There is a mutation in the huntingtin gene on chromosome 4- shows variable CAG (cysteine, adenosine, guanine) base sequence repeats- the more repeats in the gene the earlier the onset on huntingtons. It causes axonal degeneration and atrophy in the caudate nucleus, putamen and basal ganglia. They end up with aggregations of dompaine within the synapses-stimulation-causing these jerky uncontrollable movements.
what is the treatment of Huntingtons chorea
treatment does not prevent progression it is only symptomatic , domamine antagoinst- Terabenazine
what is the prognosis of huntingtons Chorea after diagnosis?
death within 10-20 years
name 4 complications of a SAH
- rebleeding- death
- cerebral ischcaemia- due to vasospasm- permanent CNS deficit
- hydrocephalus- due to blockage of the arachnoid granulations (resorb CSF)
- hyponatraemia
name 2 findings you may see in a lumbar puncture after a SAH
- xanthochromic fluid- yellow looking due to the break down in haemoglobin after 12 hours of SAH
- mononuclear polycytosis secondary do chemical meningitis caused by the degradation products in subarachnoid blood.
why do you need to take 3 samples of LP after a SAH
one for virology, one for microscopy and one for biochemistry
why do you need to wait 12 hours after SAH before undertaking LP?

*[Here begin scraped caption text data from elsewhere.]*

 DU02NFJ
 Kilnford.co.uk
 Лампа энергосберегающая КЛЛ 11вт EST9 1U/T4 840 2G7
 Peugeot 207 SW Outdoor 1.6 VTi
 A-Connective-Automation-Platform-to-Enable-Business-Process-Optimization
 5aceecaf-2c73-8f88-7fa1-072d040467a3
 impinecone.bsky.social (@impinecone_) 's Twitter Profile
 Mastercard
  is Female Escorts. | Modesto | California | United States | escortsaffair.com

- to prevent the risk of cerebral herniation through the foramen magnum when LP decreased the ICP
- xanthochromic fluid is most commonly found 12 hours after SAH, making the sample collected more sensitive to confirm whether there was a SAH or not.
why might patients experience a sentinel headache prior to the SAH?
perhaps due to a small warning leak from the offending aneurysm
what is the pathophysiology of giant cell arteritis?
inflammatory granulomatous arteritis of the large cerebral arteries
how might giant cell arteritis present?
jaw claudication
tenderness of the scalp, severe headaches, sudden painless loss of vision, malaise, tireness and fever
what investigations might you do for giant cell arteritis?
FBC: normocytic anaemia, ESR raised, temporal artery biopsy
what will you see on a temporal artery biopsy in giant cell arteritis?
intimal hypertrophy, inflammation of the intima and sub intima, breaking up the elastic lamina, giant cells, lymphocytes and plasma cells in the elastic lamina.
what is the treatment for giant cell arteritis?
prednisolone
name a secondary cause of trigeminal neuralgia?
compression by anomalous or aneurysmal intracranial vessels/a tumour, MS, causing demyelination.
how might trigeminal neuralgia present?
knife like or electric shock like pain lasting seconds in the distribution of the 5th CN. Pain when washing, shaving or a cold wind brushing the face.